Later, during my long hangs at 20m in 2002, I noticed very mysterious effects the day after eating sushi, and the same effect could be found the day after eating flax seed oil. The common ingredient is omega-3 (in flax) or EPA/DHA (in the salmon sashimi), where omega-3 will be metabolized into EPA/DHA. By loading distilled fish oil and/or flax oil, I was able to magnify the effect. Later, by searching on medline, I discovered that the omega-3 chain acids are vital for non-shivering thermogenesis and oxygen utilization. This discovery suddenly explained some long dives done by my buddy Tyler while on a high sushi/flax diet.
Several times, I tried to superhydrate with glycerol (like long distance athletes). After a few months, I realized that glycerol was having a very strange effect, having nothing to do with its superhydrating effect. It seemed to prevent me from shivering -- I still don't fully understand what it does, but many glycerol compounds such as triacylglycerols are involved in thermogenesis, and I have also learned that glycerol is often injected into organisms for cryogenic purposes. Glycerol's method of action remains a mystery.
When reading one of my thermogenesis books, I learned that the body's temperature sensors are primarily along the spinal cord. I theorized that if I put a heat pack along my spinal cord, my body would think that I was still warm, even though the rest of my body was freezing, resulting in a lowered temperature without thermogenesis (thus dramatically dropping O2 consumption). I tried this on my 20m hangs and it resulted in one pb after another--that is one case of a deliberate experiment which had positive effects. Some time later, I was unable to repeat the long hangs -- it was then that I realized I had forgotten to load omega-3 and use the heat pack along the spine -- after which I was able to repeat the long hangs.

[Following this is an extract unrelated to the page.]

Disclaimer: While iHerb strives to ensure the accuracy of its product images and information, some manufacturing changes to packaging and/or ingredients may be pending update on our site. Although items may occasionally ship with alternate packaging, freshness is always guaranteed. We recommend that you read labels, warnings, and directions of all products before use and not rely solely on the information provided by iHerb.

By analyzing my journals, I discovered that I would perform good statics two days after a hard workout. I never pulled off a big one soon after or the day after a workout, or even the day after a dive. Also, when I hadn't exercised for a long time, good statics would be rare.
By September 2003, I had concluded that juggling of variables had such a huge effect that I decided that for the Sept-2003 CAFA regionals, I would do no training at all, and just juggle the variables. In the days leading up to the competition, while my opponents were training, I was reading past journals. I ended up with a pb in wet static and somehow managed to win both in static & constant! I couldn't help but chuckle during the competition wrap up, because I knew that most of the people in the competition had been training their butts off, and I hadn't done a wet static (or any static) for about half a year! Further, several of the competitors had pb's much bigger than mine. I would guess that their inconsistency was due to lack of logging.
So, let's just say that I believe a lot can be found by recording irrelevant things, and analyzing them later.